Lucky Recipes

Xmas Turkey Tacos!

Cooking Time: Few hours

Difficulty: Easy-ish

Serves: Makes 12 Tacos

Ingredients

 

FOR THE TURKEY

• 1 whole turkey, about 3kg

• 2 cups fresh orange juice

• 1 cup fresh lime juice

• 1 cup fresh lemon juice

• 300g achiote paste

• 2 tbsp flaky sea salt

• 1 x 120g pouch of Lucky Taco Chipotle Marinade

• 3 banana leaves, thawed (look in the frozen section of any Asian grocery store)

FOR THE CRANBERRY & HIBISCUS SALSA

• 2½ cups water

• ½ cup dried hibiscus flowers (find in Farro Fresh or buy online from Tío Pablo at tiopablo.co.nz)

• 2 cups white sugar

• 2 cups fresh, frozen or 1½ cups dried cranberries

FOR THE 'TACO BUILD'

• 12 corn (or flour) tortillas, freshly cooked

• 1 cup Avocado Crema (see recupes tab)

• 200g sliced red cabbage

• 300g Lucky Taco Pink Pickle (see recipes tab - or Avail to buy from farro Fresh)
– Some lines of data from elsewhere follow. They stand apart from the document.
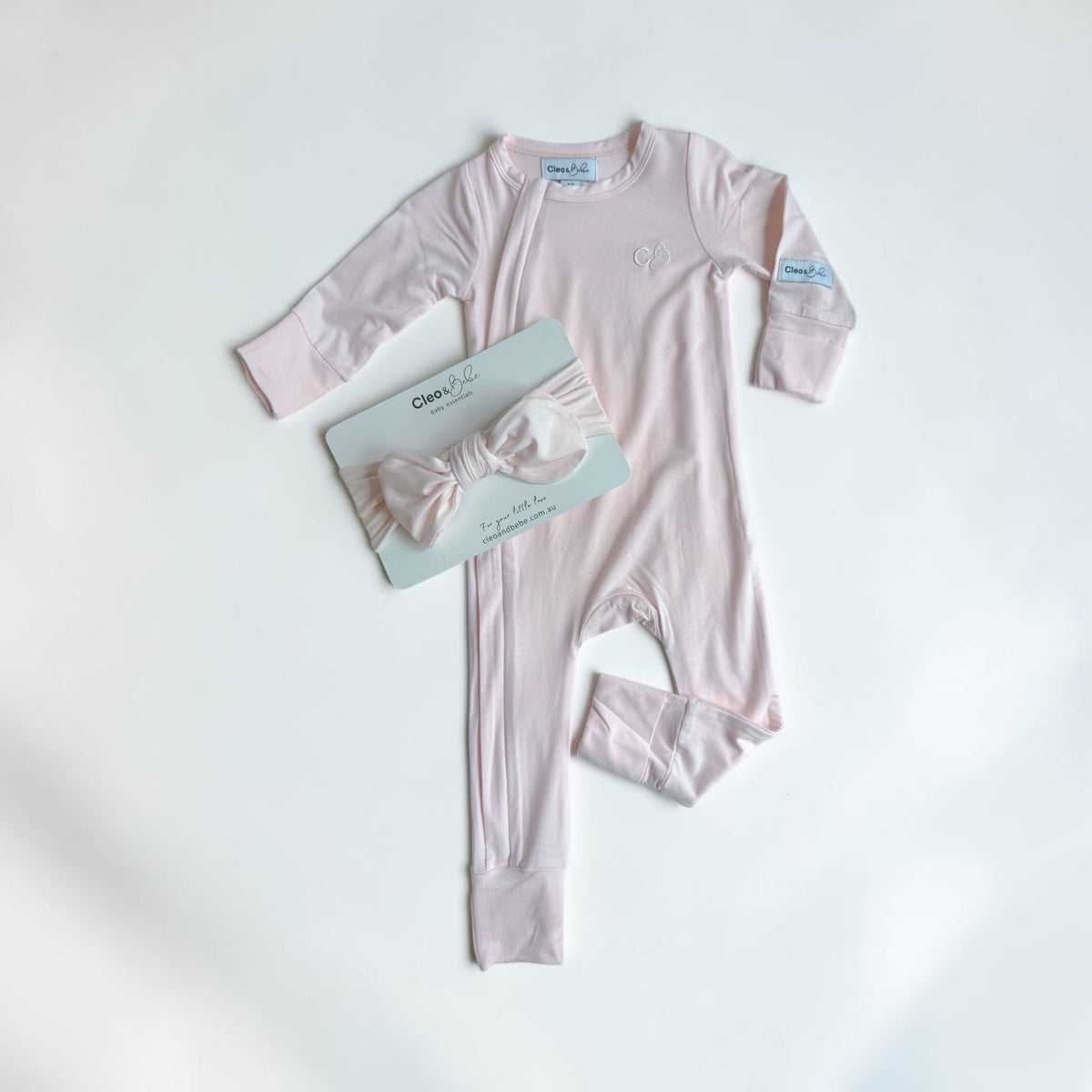 A baby's long-sleeve footless onesie in light pink, laid flat on a white background next to a matching pink bow headband on its packaging card. The brand 'Cleo & bebe' is visible on the packaging.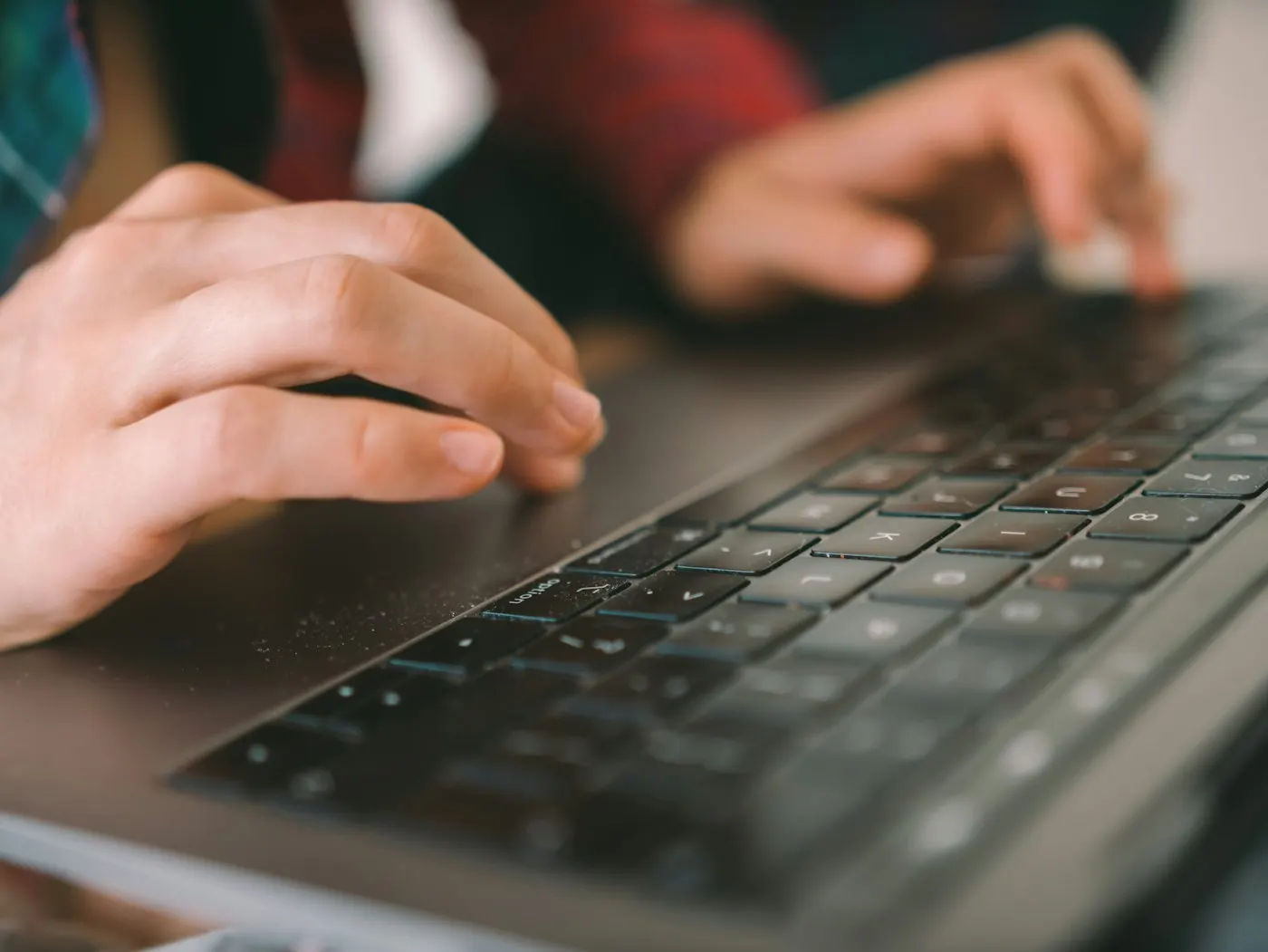Close-up of hands typing on a laptop keyboard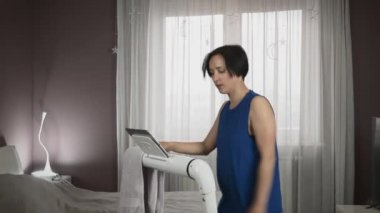 Tombul kadın evde koşu bandında koşuyor. Kadın çalışan makine üzerinde egzersiz yapıyor.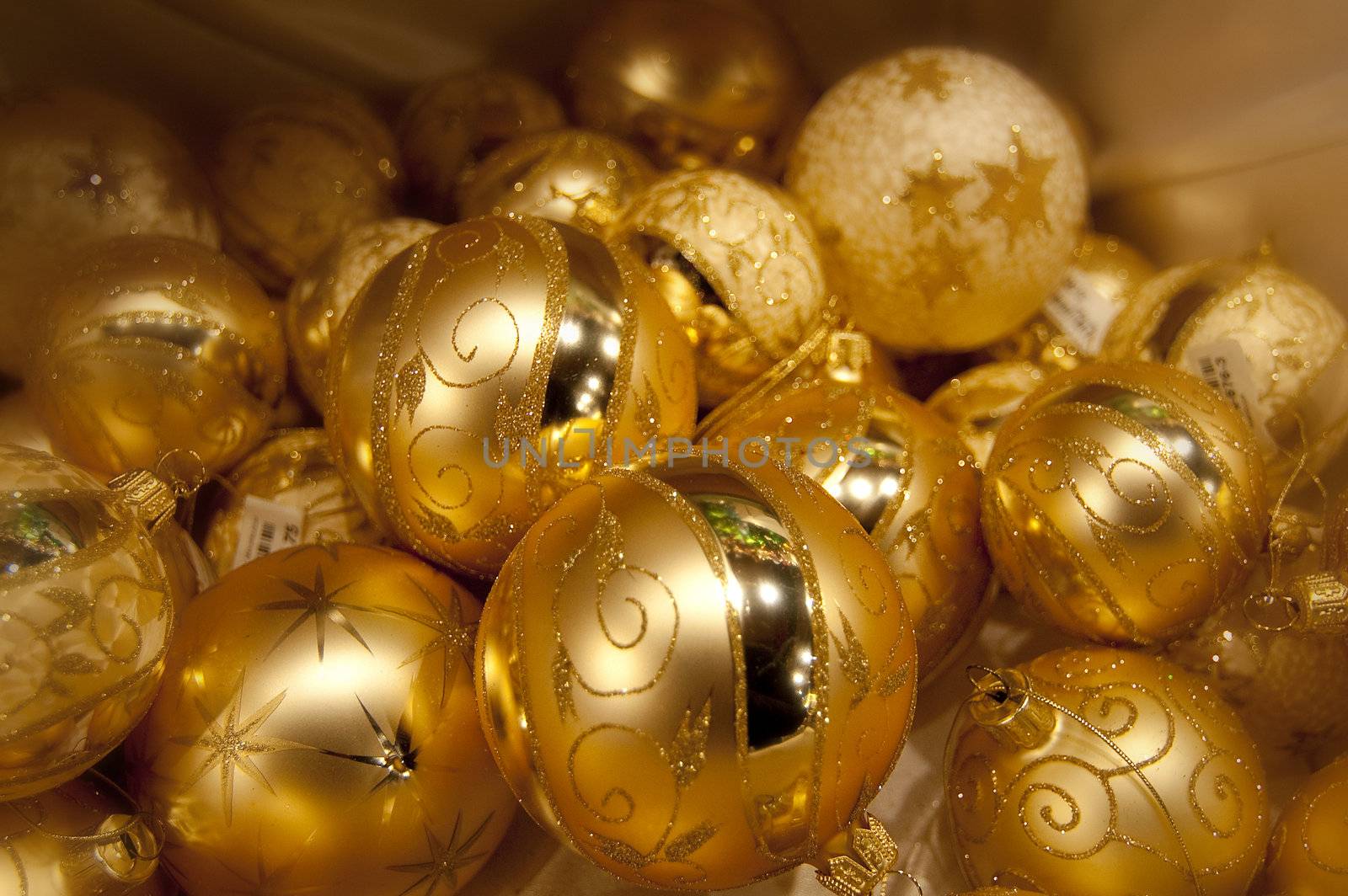 Many yellow christmas balls one on others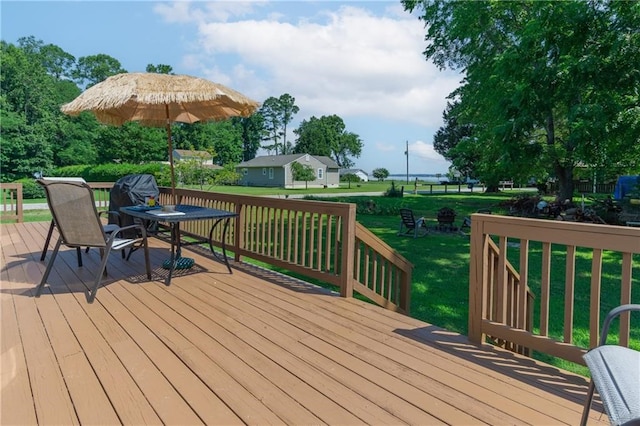 430 Pine Tree Rd, Center Cross, VA 22437 - wooden deck featuring a lawn and outdoor dining space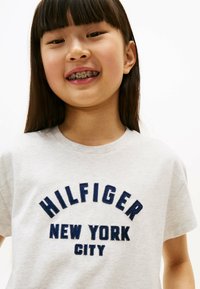 Szara koszulka z krótkim rękawem z granatowym wyszywanym napisem "HILFIGER NEW YORK CITY", z okrągłym dekoltem i luźnym krojem.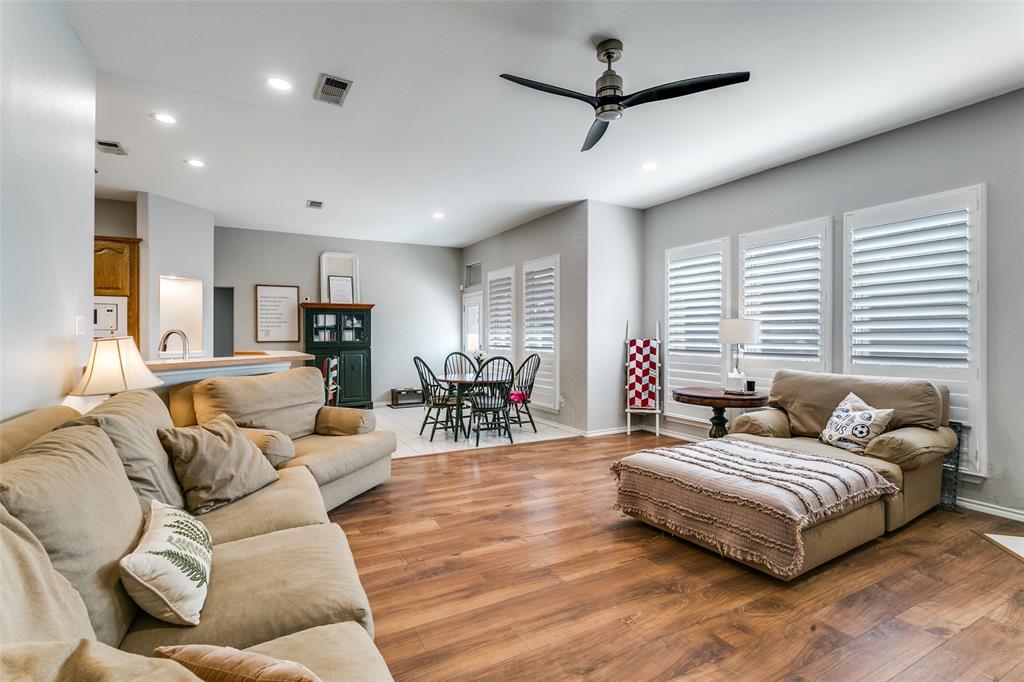 2724 Windstone Way Corinth, TX 76210 - Photo 9 of 24 Living space open to kitchne and dining area.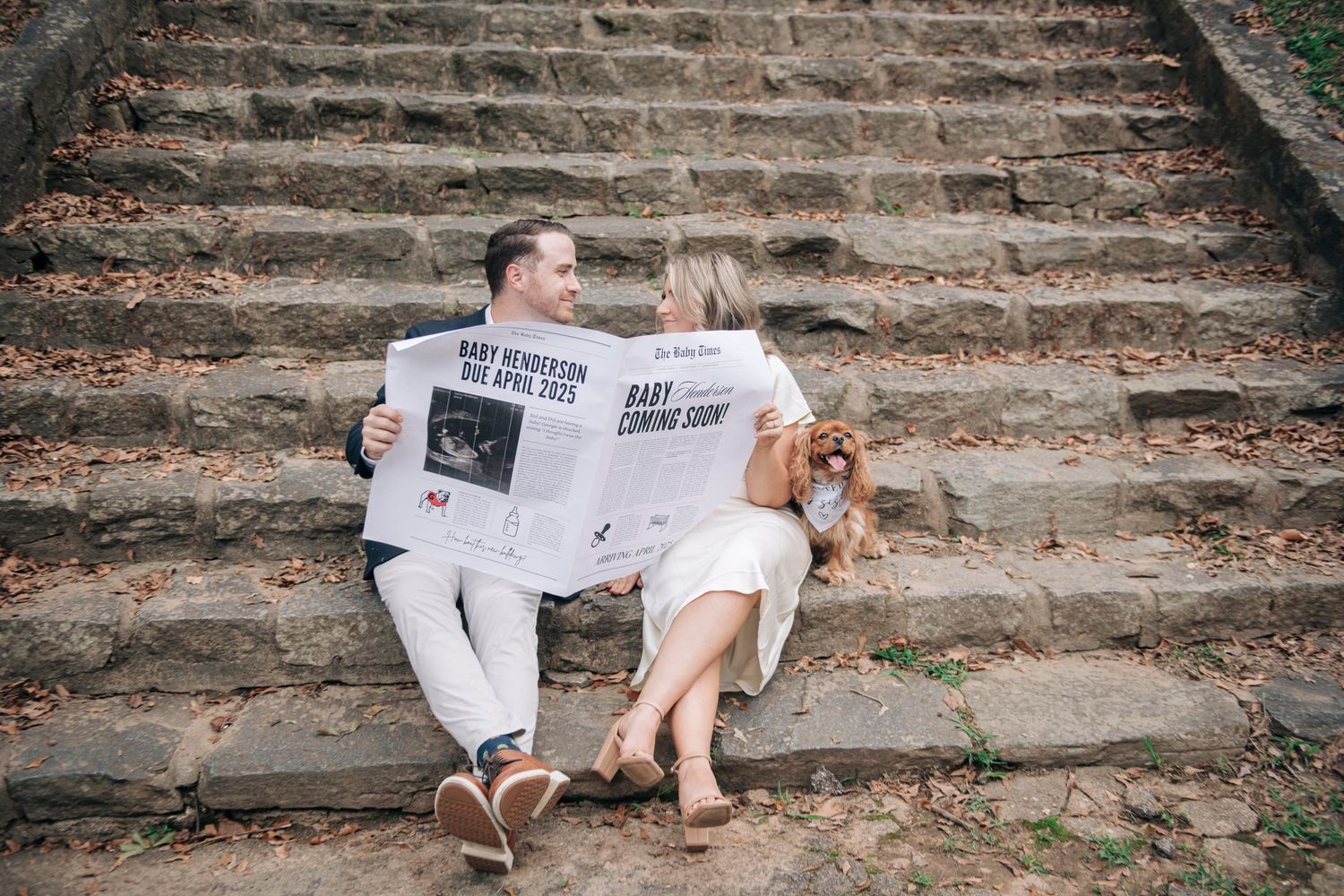 Couple sitting on stone steps holding baby announcement newspapers, pregnancy reveal photo shoot outdoors.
• handful of fresh coriander leaves

• 2 limes, cut into wedges

• Lucky Lime Salsa (Avail at Farro Fresh)

• Lucky Taco Chilli Salt (Avail at Farro Fresh & NW)

• crispy fried shallots (look for palm-oil-free ones in Asian supermarkets)

• Lucky Taco Jalapeño Hot Sauce (optional)

Method

 

• First get the turkey going.

• Cut your turkey into about 6–8 pieces (or you can ask your butcher to do this when you buy it). Set aside.

• Combine juices, achiote paste, sea salt and chipotle marinade in a food processor and blitz until smooth. Set aside.

• Line the bottom of a large casserole pot with two criss-crossed banana leaves, letting the excess hang over the outside of the pot. The banana leaves give the dish an extra layer of flavour and help to steam the meat, keeping it moist.

• Add turkey pieces and pour over citrus sauce.

• Tear remaining banana leaf into small pieces and scatter over the top. Fold excess banana leaves from the sides over the top of this and place lid on pot. On the stove top, bring to the boil over medium-high heat. Then reduce heat to low and simmer for about 45 minutes to an hour — until turkey is cooked through. Leave to cool. Once cooled, lift turkey out of liquid and shred the meat from the bones. Add the meat back into the pot and stir to mix. Set aside until ready to serve.

• For the salsa, pour water into a saucepan, bring to the boil and add hibiscus flowers. Boil for 10 minutes. Remove flowers from water with a slotted spoon.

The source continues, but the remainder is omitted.